Netanyahu and the haredim

The PM lacks the political courage to make the necessary reforms Israeli society both wants and needs.

HAREDI MEN march to protest ‘Tal Law’ alternatives 370 (photo credit: Screenshot)
HAREDI MEN march to protest ‘Tal Law’ alternatives 370
(photo credit: Screenshot)
As shown by the recent NIS 10,000 bill for ice cream at the taxpayers’ expense, Prime Minister Binyamin Netanyahu doesn’t like digging into his own pocket and paying his own way. And yet, at the same time, he is acutely aware of some past debts and seems determined to pay them off.
One of the reasons for Netanyahu’s shock election victory over Shimon Peres in 1996, which brought him to the Prime Minister’s Office for the first time, was the support of the haredi public for his candidacy.

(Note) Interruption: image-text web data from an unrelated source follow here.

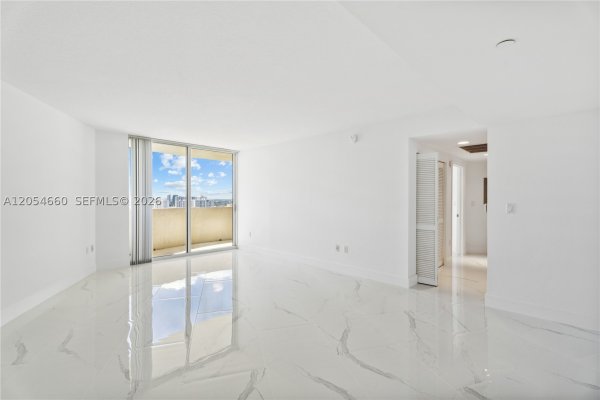 19501 W Country Clb Dr #2506 Aventura, FL 33180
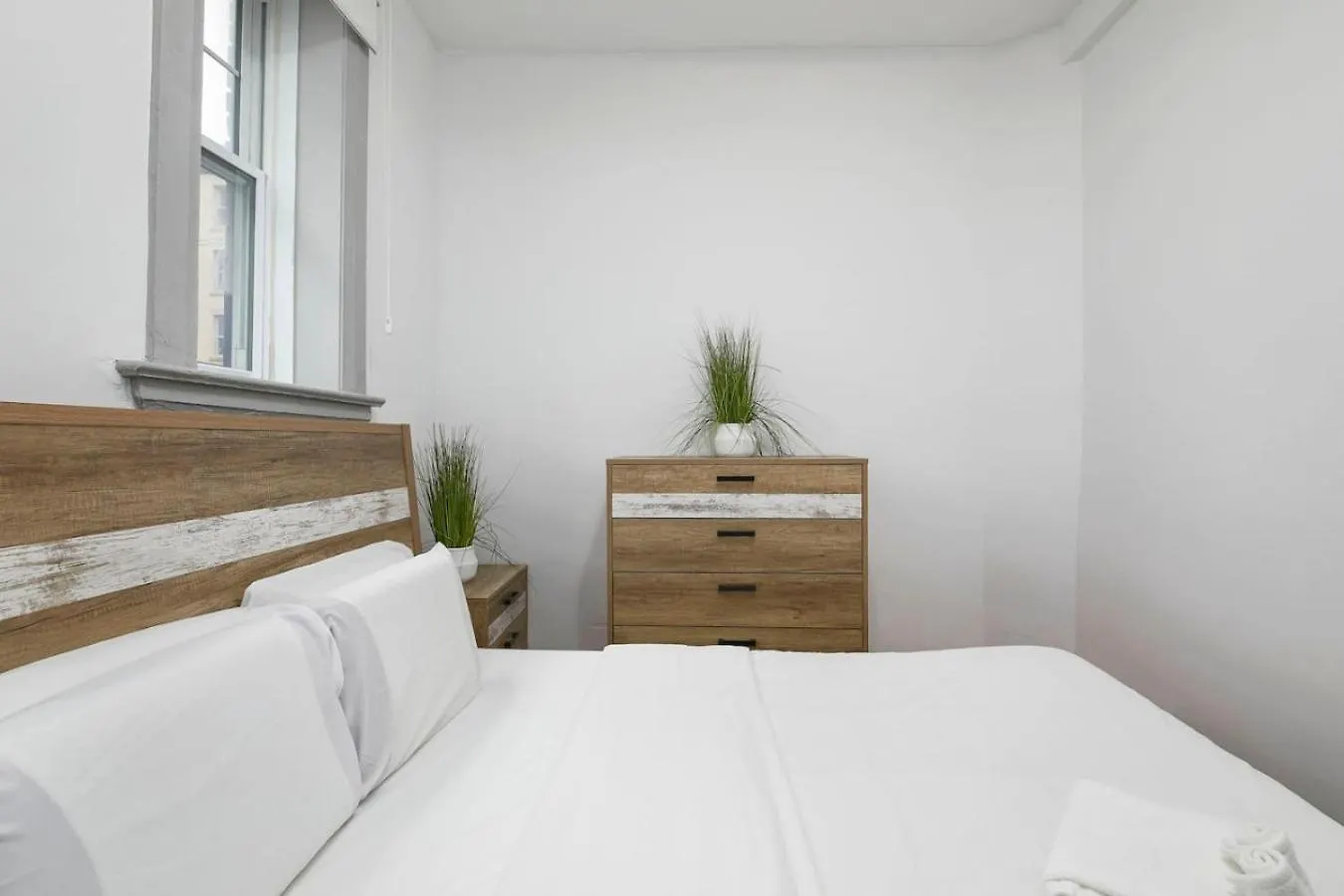 Prime Location Charming 4Br In Downtown Mtl- Zj0 Apartment Montreal 0*,  Canada
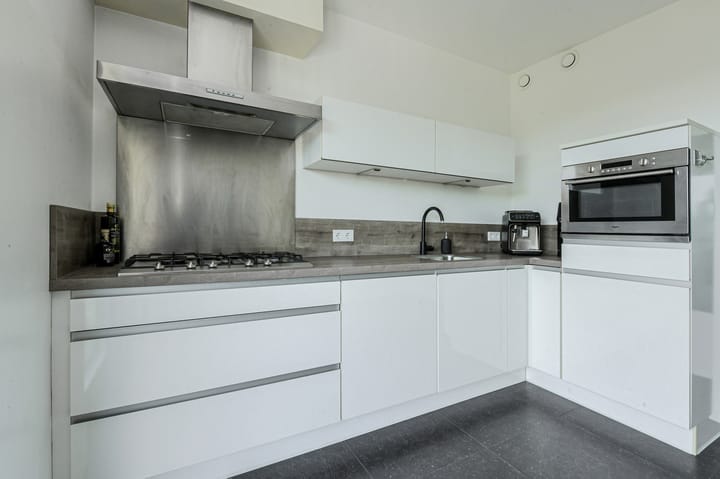 Photo 10 of Amerongenstraat 182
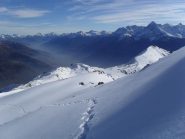 la mia traccia di salita sotto la vetta,a destra la Chaligne ed il passo Tar¡diva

These elections were the first time the electorate had two envelopes to place in the ballot box: one for the candidate of their choice as prime minister and the second for the party of their choice, and it was not axiomatic back then that the haredi public would back Netanyahu.
First off, Peres had been an assiduous courter of the haredi parties in the Knesset over the years. While Yitzhak Rabin, the epitome of the Palmach-era sabra, made no effort to disguise his lack of religiosity – for Rabin, the only thing sacred on a Shabbat morning was his regular tennis match with his wife Leah – Peres in contrast would always fondly talk of his rabbinical grandfather in Poland and his own religious zeal as a young man, claiming to have smashed the family radio in Wiszniew when he found his parents listening to it on Shabbat.
Secondly, as these elections were the first (out of three elections, before the system was scrapped) for a directly elected prime minister, the issue of a candidate’s character became highly relevant. The secular, very American, thrice-married Netanyahu, who had also publically confessed on prime-time television to cheating on his most recent wife, hardly matched the haredi public’s own moral code.
But thanks to a racist election campaign – “Bibi is good for the Jews” – funded by Australian mining magnate and Chabad rabbi Joseph Gutnick, and energetically backed by the Lubavitch movement, Netanyahu won over enough of the haredi vote to beat Peres by a margin of 29,457 votes, less than one percent of the total number of votes cast, and became prime minister, despite the Likud winning fewer seats than Labor.
EVER SINCE, Netanyahu has closely allied himself to the reactionary haredi world, even though their welfaredependent way of life runs totally against his deeply held free-market beliefs. Netanyahu knows there is no logic in the state investing billions of shekels in the independent Shas and United Torah Judaism school systems, where pupils receive no secular education, and are left unfit to join the modern workforce and thus condemned to a life of government-subsidized poverty.
As the brother of a fallen military hero, and a former IDF officer himself, the prime minister also knows there is no moral justification for the government-sanctioned draft evasion of young haredi men while the rest of the country’s Jewish teenagers face compulsory enlistment.
And as a seasoned politician who devours opinion polls with the same relish that other men read the sports pages, Netanyahu further knows that last month’s elections were a clear vote in favor of ending the haredi stranglehold on Israeli life.
The astonishing success of Yair Lapid’s Yesh Atid party on the one hand, and the re-emergence of the religious-Zionist camp under Naftali Bennett’s leadership of Bayit Yehudi, reflect a desire to see the country’s economic, defense and civic burdens be shared equally, among all sectors of the population.
IF NETANYAHU was a true leader, he would stop his foot-dragging over the current coalition negotiations and work flat-out to create the obvious coalition the election results have created: a government headed by Likud Beytenu, with Yesh Atid and Bayit Yehudi as the main partners, with Tzipi Livni’s and Shaul Mofaz’s parties adding extra ballast.
Such a coalition would provide him both with a comfortable majority and enable his government to tackle some of the country’s most pressing internal issues, such as military service for all and weaning the haredim off government handouts. And if, contrary to all expectations, any progress is made in negotiations with the Palestinians, which would cause Bayit Yehudi to drop out, then Netanyahu could confidently rely on backing from Labor and Meretz to ensure the negotiations’ continuance.
But no, our thrice-elected prime minister lacks the political courage to cast off his one-time allies who once brought him to power but who today prevent him from making the necessary reforms Israeli society both wants and needs. Loyalty is an admirable quality but it is time for Netanyahu to realize that his debt to the country’s future is far greater than any debt he might owe the haredim.
The writer is a former editor-in-chief of The Jerusalem Post.